LOKAL PRIDE – Probolinggo, dikenal akan keanekaragaman budaya lokalnya yang dipelihara dan diwariskan oleh penduduk setempat, mencerminkan pesona keragaman di daerah tersebut.
Salah satu warisan budaya unik di Kota Probolinggo adalah Kerapan Sapi Brujul, sebuah event lomba sapi yang diadakan di lahan pertanian berair dan berlumpur setelah masa panen. Tradisi ini, yang digelar di lapangan kerapan di Kelurahan Jrebeng Kidul, Kecamatan Wonoasih, Kota Probolinggo, Jawa Timur, telah diakui sebagai warisan budaya tak benda oleh Kementerian Pendidikan dan Kebudayaan (Kemendigbud) Republik Indonesia pada 18 Oktober 2019.

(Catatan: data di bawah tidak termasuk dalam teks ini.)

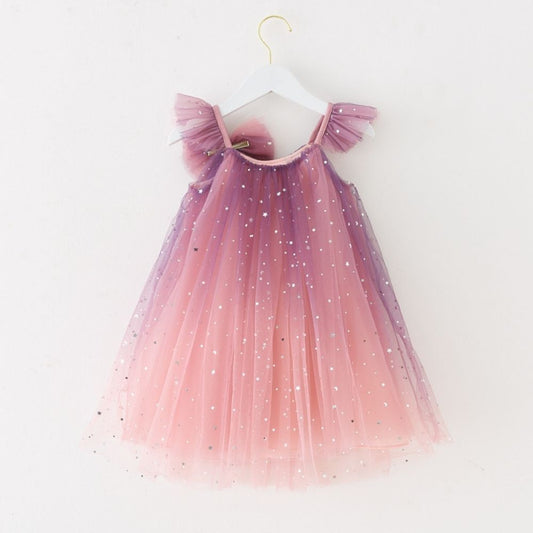 Soft Tulle Sleeveless Fluffy Dress With Bow Shaped Brooch Pin
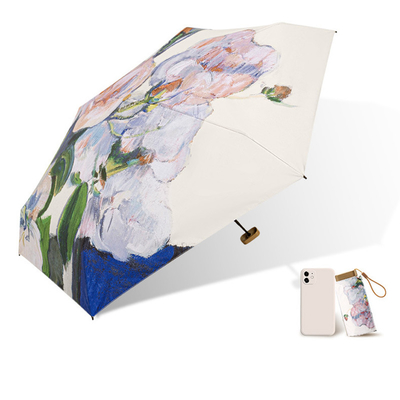 Paraguas Plegable Flor de Nacimiento Pequeño A prueba de viento A prueba de lluvia A prueba de rayos UV 5 Mini cápsula plegable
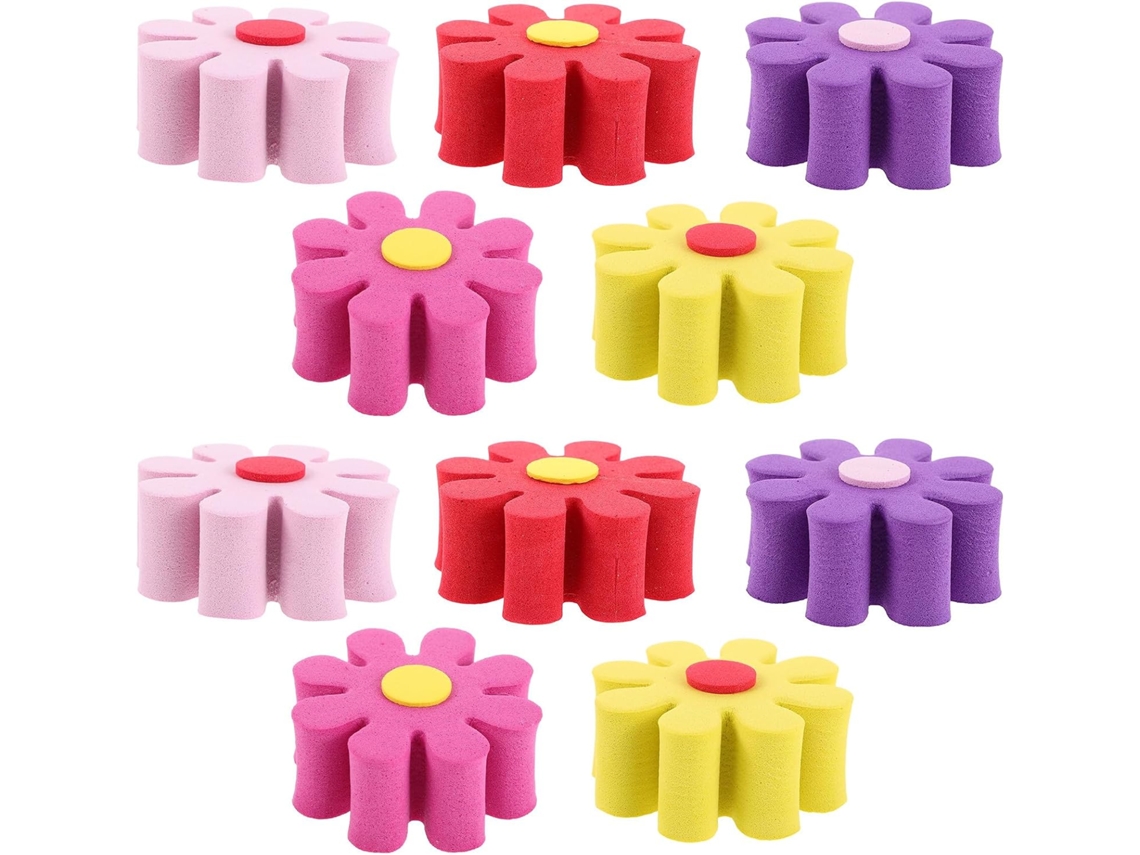 Conjunto de 10 flores artificiais em EVA para decoração de antena e teto de carro.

Perlombaan sapi ini tak hanya menjadi hiburan semata, tetapi juga menjadi bagian tak terpisahkan dari kehidupan masyarakat setempat. Kerapan Sapi Brujul mencerminkan kekayaan budaya dan semangat kebersamaan dalam upaya melestarikan tradisi yang diwariskan dari generasi ke generasi di Kota Probolinggo.
Asal usul Kerapan Sapi Brujul dapat ditelusuri hingga kebiasaan petani yang menggunakan sapi untuk membajak sawah sebelum menanam padi. Namun, seiring berjalannya waktu, kegiatan tersebut berkembang menjadi hobi baru dan kemudian dijadikan sebagai ajang perlombaan antar petani saat musim tanam padi tiba. Tradisi ini, yang menjadi bagian tak terpisahkan dari kehidupan masyarakat Kota Probolinggo, telah diwariskan secara turun temurun dan diyakini telah ada sejak era 1950-an.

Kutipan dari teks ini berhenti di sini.